TRY IT
Quote word for word from the line holding "Anna Kučerová Delikatesy." to the last line below, including both, and omit any pictures.

INFORMATION PROVIDED
◆ ◆ ◆ ◆ ◆

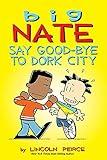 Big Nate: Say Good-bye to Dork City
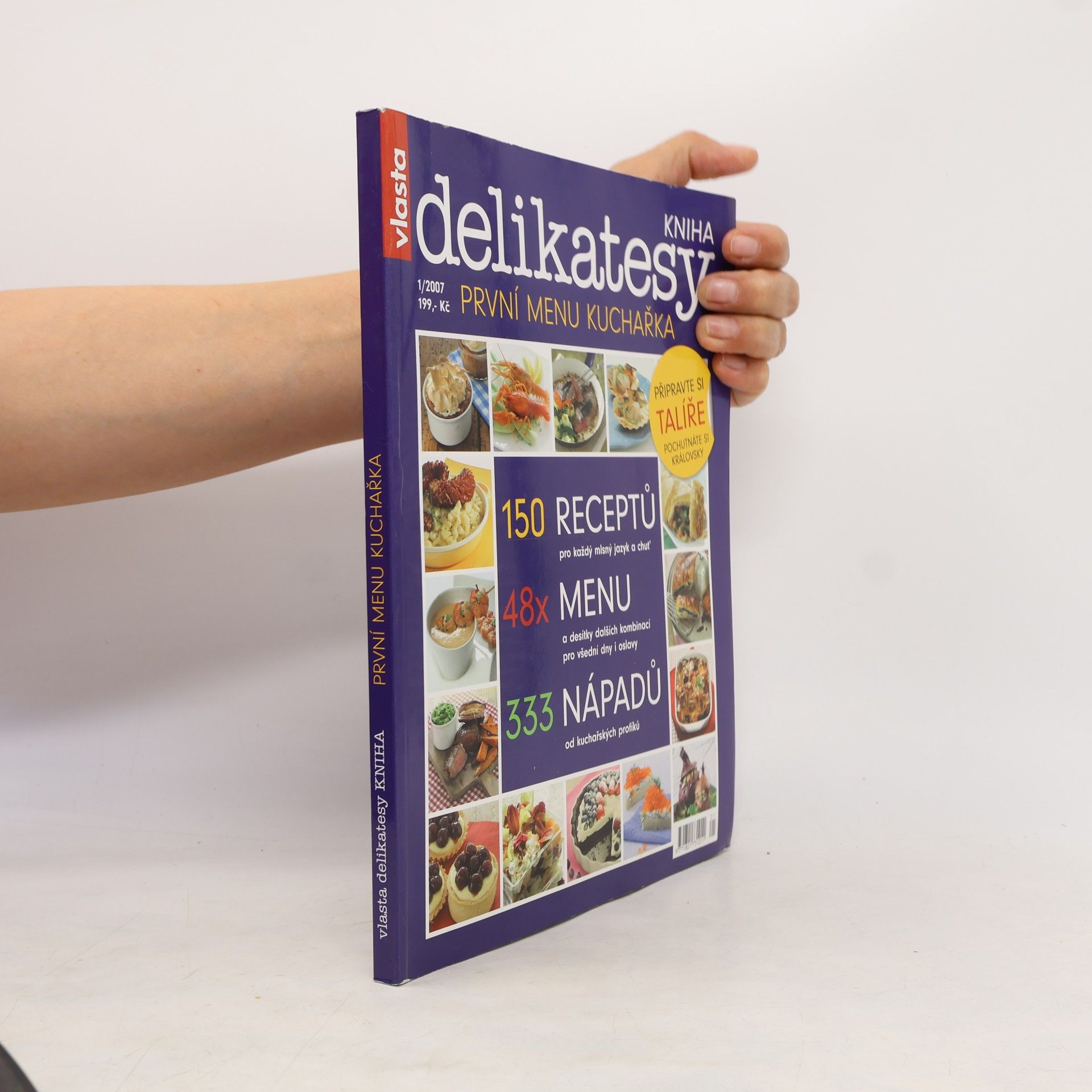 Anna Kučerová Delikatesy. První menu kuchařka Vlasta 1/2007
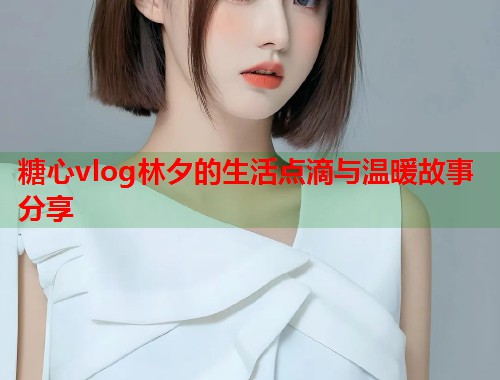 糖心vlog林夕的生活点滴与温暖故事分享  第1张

◆ ◆ ◆ ◆ ◆

SOLUTION TO THE PROBLEM
 Anna Kučerová Delikatesy. První menu kuchařka Vlasta 1/2007
 糖心vlog林夕的生活点滴与温暖故事分享  第1张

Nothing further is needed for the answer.